Day 27: The Awakening

Some people have an awakening on the Camio, something to help push their lives forward. Have we been awakened? We cetainly awake every morning to beauty.


Galicia is known as the Highlands of Spain. Rain is common and the landscape verdant. We had a later start and a choice of two roads. Both would take us to the same place, Sarria, the place where many would start, as it is just a bit over 100 km to Santiago. Many start here to earn their Compostela. One would be 10 km longer and pass a monastery. The other, shorter and scenic. We chose the latter.


Up, up, up, then down, down, down. Alex soon joined, and we continued through the narrow paths, rocks crunching beneath our feet and dewdrops lacing our eyelashes like beads of crystal. On the crescent of one long incline, we met up with Nacho and Fabrizio, and off we went. Luscious trees knelt down, while cowbells rang in the distant. Perfection.


B went off ahead, nothing but the sounds of the birds and footsteps, while the rest chattered away. We stopped at a bar where a quick chat revealed an (yet another) Italian, Andrea, who recognized B from the train in St. Jean. We found Juan and Hema, and our family was complete.

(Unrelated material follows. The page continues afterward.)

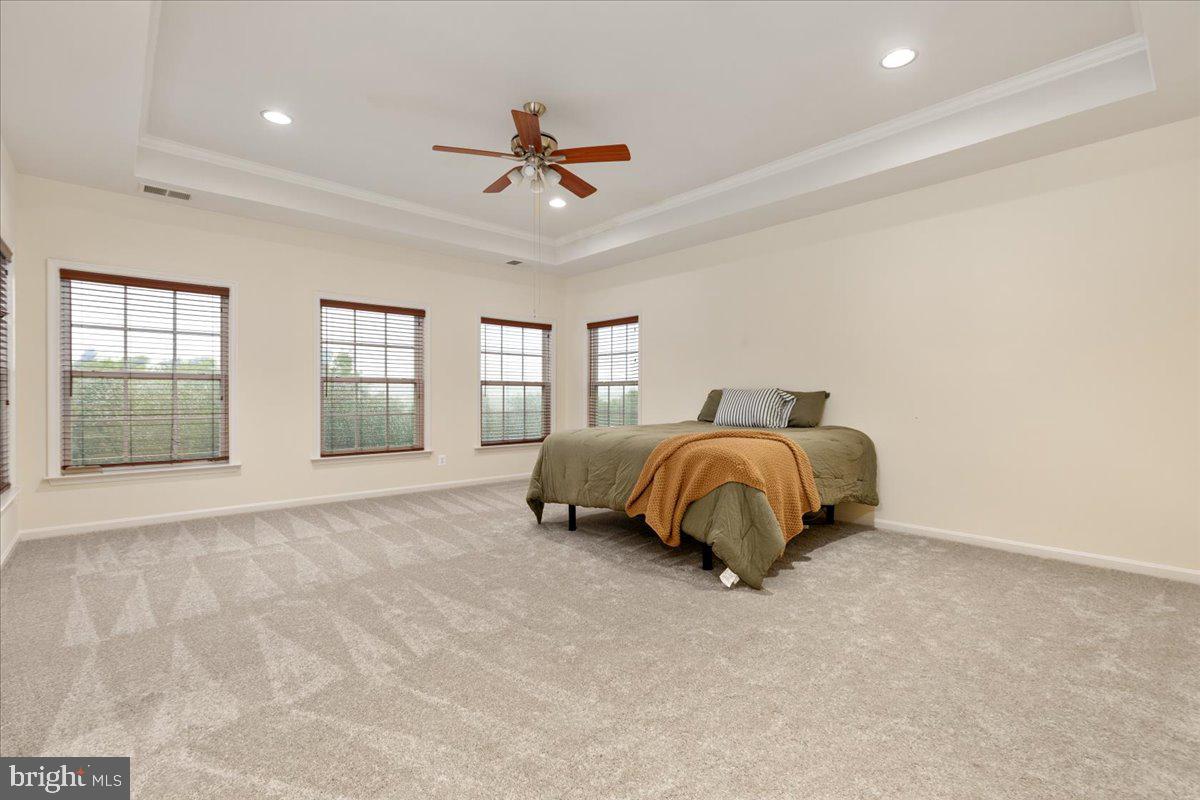 VINT HILL - Residential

A lovely breakfast snack of the best angel/pound cake, and we set off for Sarria. Juan, a kind-hearted primary school teacher with a 10-year old son, and B headed on, discussing everything from politics to family. Fabrizio decided to run downhill several kilometers…right.


We found a delightful place, Albergue de Pedra, which had a little stone house with eight beds on the second floor and a real bathroom and gathering space with fireplace on the bottom.
Our little casa perfect for our little family.

After some yoga on the street with Nacho and B and a proper shower, we found a still-open market (it is Sunday, and, well, the Spaniards don’t really open on Sundays) for provisions for dinner.


We then ventured to the highly recommended Casa Luis, a pulperia – place where they specialiaze in octopus. As we get closer amd closer to the coast in Galicia, the food and the seafood get better.

Cafe Luis serves three things: a meat dish, a darn good empanada, and the most amazing pulpo – octopus with olive oil and paprika. Even Z, not a huge fan of this animal, enjoyed it. Octopus is not easy to perfect, and this was perfect. Was this an awakening? Food that satisfies?


We ran into Vittoria and her boyfriend, who were looking for a place to stay, as albergues fill up quickly now that there are more and more pilgrims. Vittoria is a producer and she is filming a documentary of the Camino. Perhaps we will see a copy of it one day.


We then were forced to relax. What strange and fortunate feeling to have to relax, to have nothing to do but enjoy being and enjoy each other’s company. We found a public swimming pool, where for less than 2€, we sat by the pool. Kat and Z got into their bikinis and enjoyed a quick swim in the pool to even out their tans, while B was too lazy and wrote by the pool.


Two ice creams later, and we went back our little casa for dinner. Another simple, wonderful, tuna pasta by Fabrizio a smashing by Juan – nothing beats a homemade meal. We met two Italian women who are starting their walk tomorrow, making us feel rather weathered.


We heard that the sports complex was opening up to let overflow of pilgrims. From here on, we will need our passports stamped twice a day to prove that we have walked the entire way. As if our feet can’t tell the story.


Nonetheless, we are closing in the final days of walking. Vittoria asked today for her film if we have had an awakening on the Camino. We are not sure. What we know is that when we wake each morning, a new adventure, a new path, a new friend awaits. Is that perhaps the awakening – to be open and welcoming to what comes? Regardless, it will be strange not to be “forced” to relax, not to enjoy precious time with new old friends that become a family, not to walk among luscious trees every morning we wake.